[Records from a dataset]
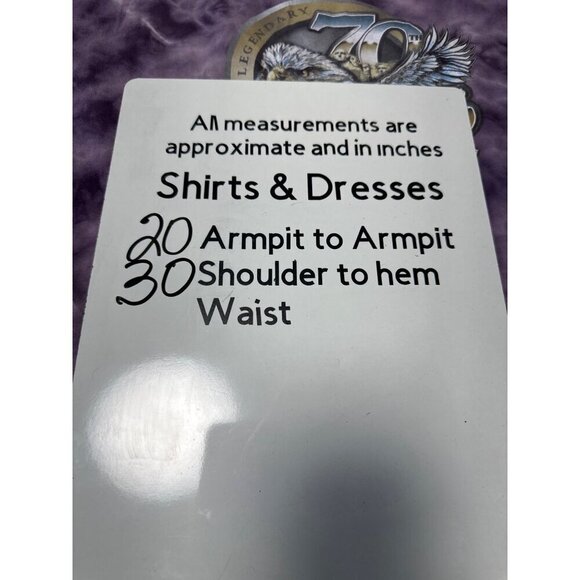 Harley Davidson Purple Tie Dye Double Sided Graphic Tee Size 2XL - Picture 9 of 9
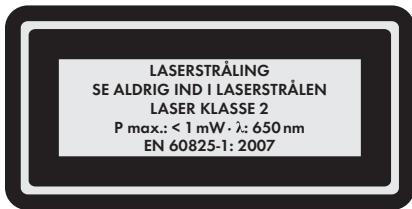 PARKSIDE KH 3026 CIRCULAR SAW - ADVARSEL! Beskyt Dem mod laserstråling: - 2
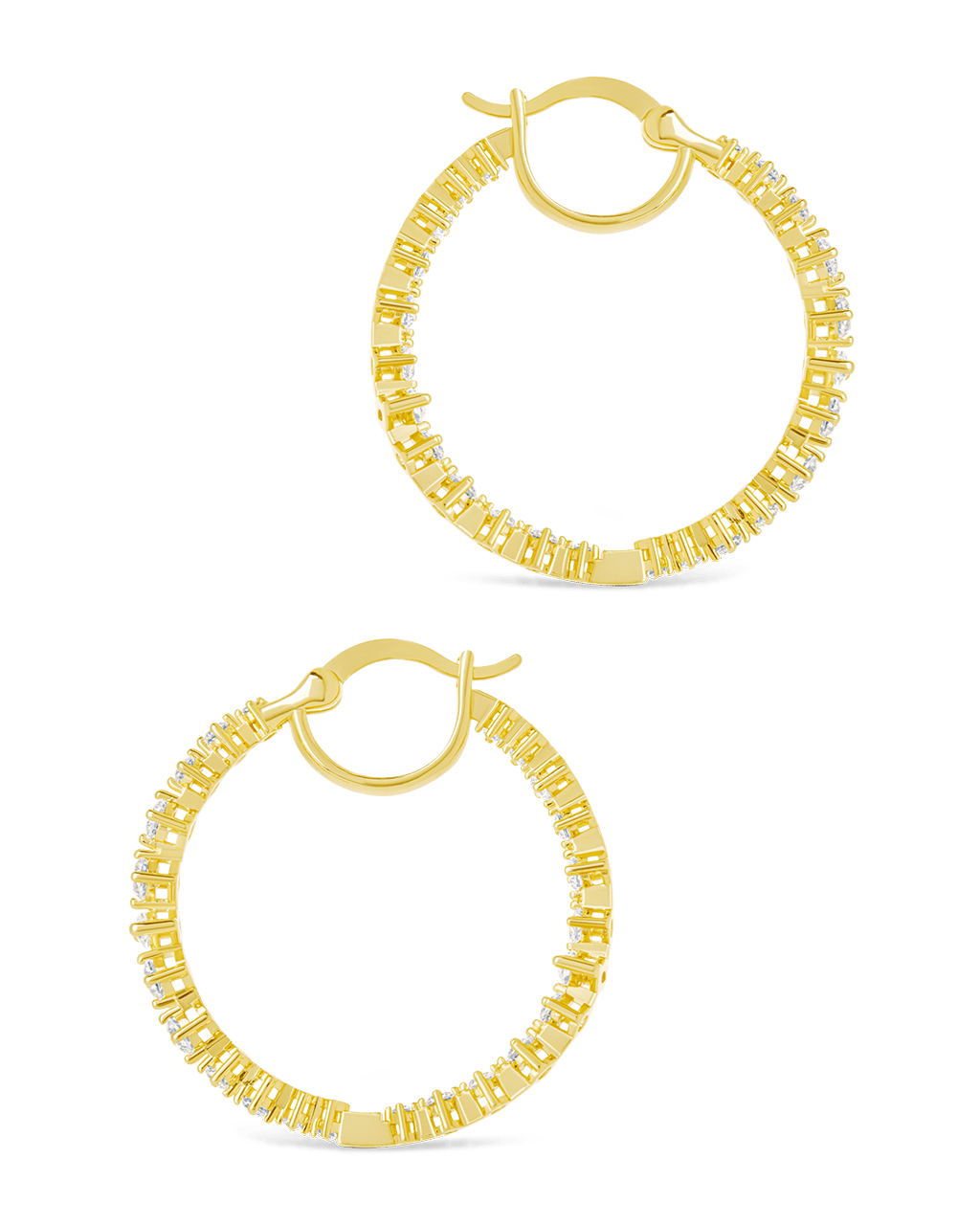 Aaliyah CZ Hoop Earrings - Sterling Forever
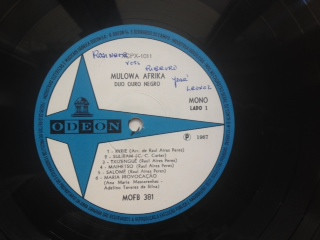 Duo Ouro Negro - Mulowa Afrika | Odeon (MOFB381) - 2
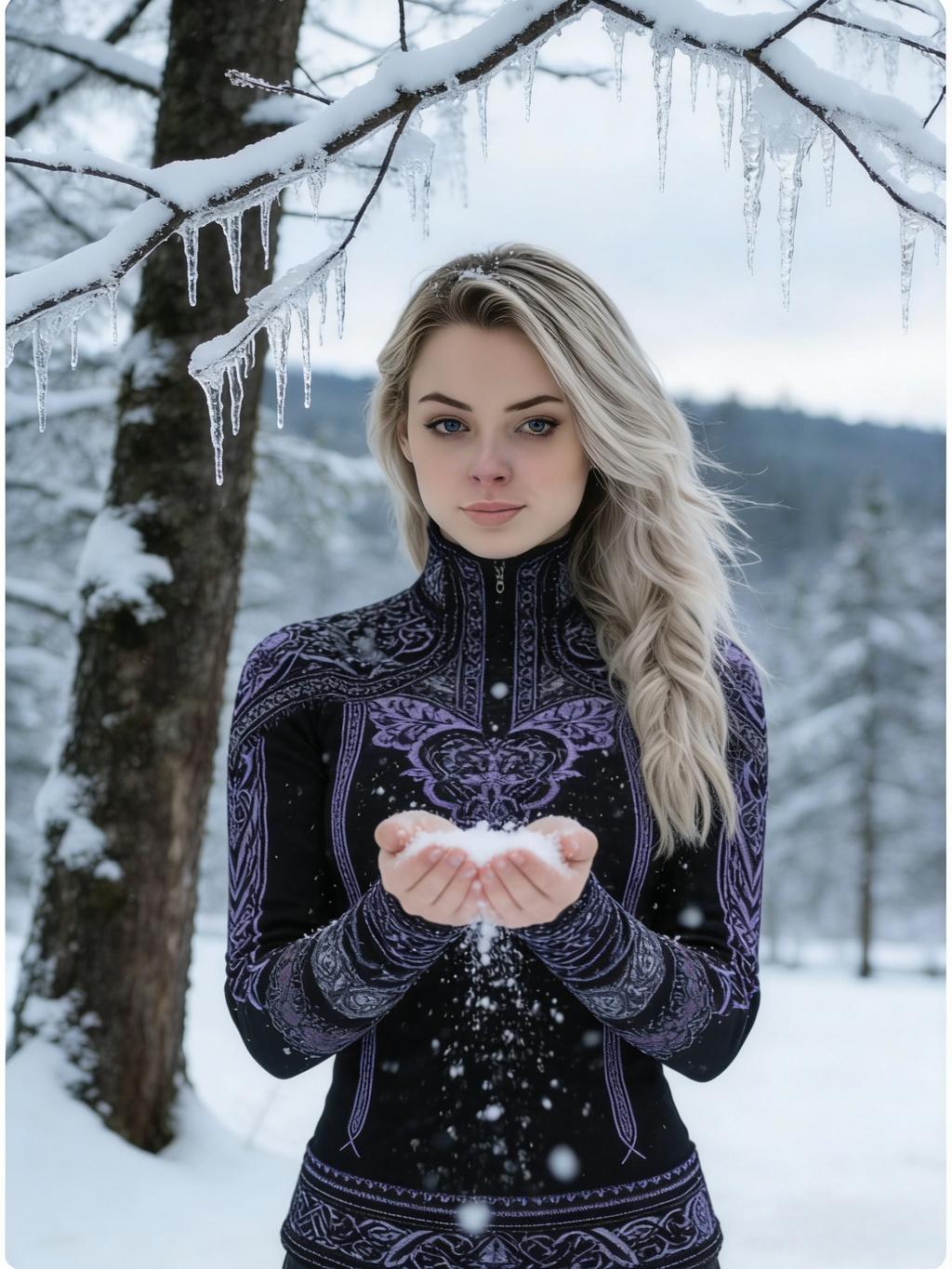 Damen Vintage Wikinger-Stil Keltischer Knoten Kunst Strickpullover Size S-5XL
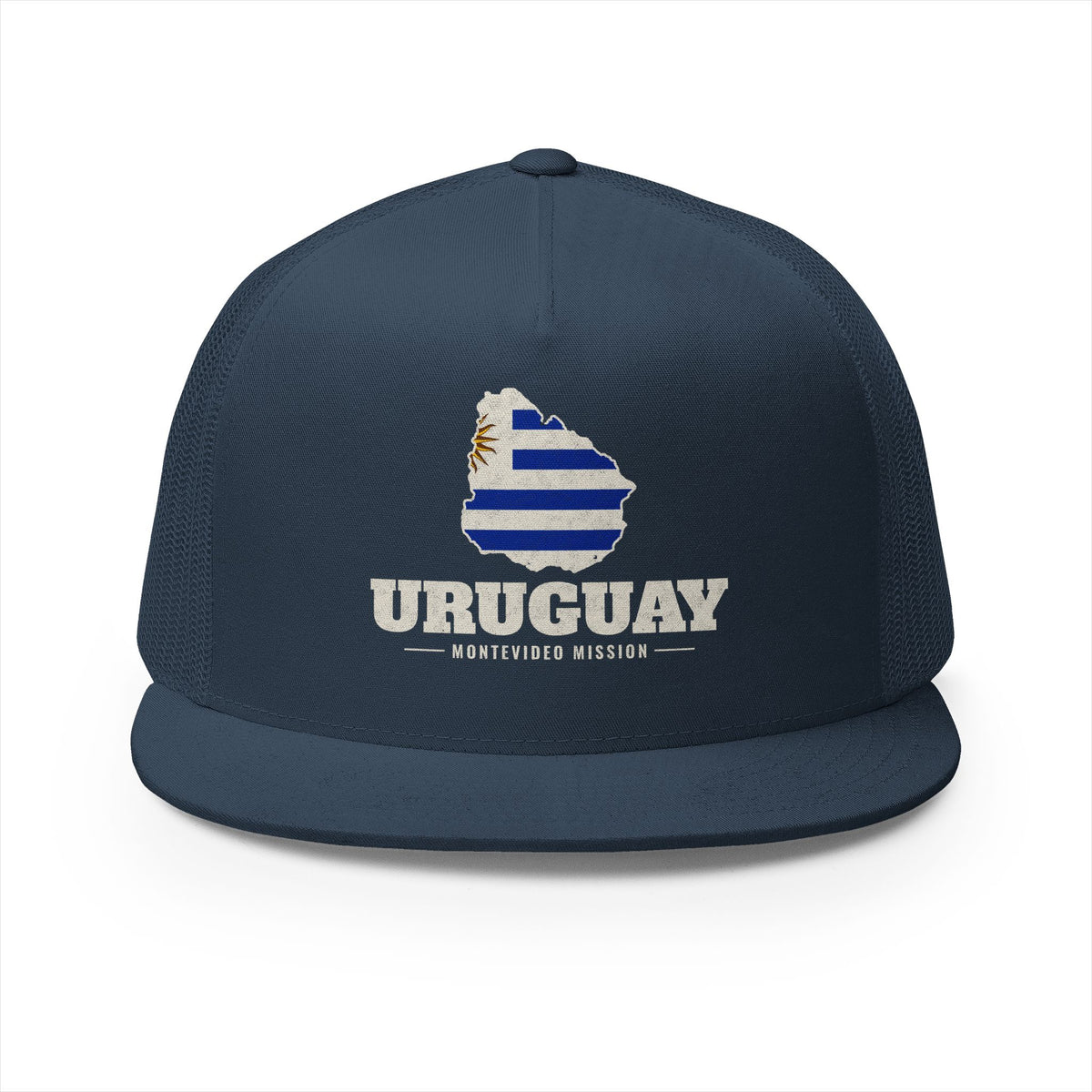 Uruguay Montevideo Mission Flag Map Trucker Hat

### WORK TO COMPLETE
A verbatim copy is needed of the lines running from the line with "PARKSIDE KH 3026" to the end of the data above, both included. Keep the pictures out of it.

### ANSWER TO THIS TASK
 PARKSIDE KH 3026 CIRCULAR SAW - ADVARSEL! Beskyt Dem mod laserstråling: - 2
 Aaliyah CZ Hoop Earrings - Sterling Forever
 Duo Ouro Negro - Mulowa Afrika | Odeon (MOFB381) - 2
 Damen Vintage Wikinger-Stil Keltischer Knoten Kunst Strickpullover Size S-5XL
 Uruguay Montevideo Mission Flag Map Trucker Hat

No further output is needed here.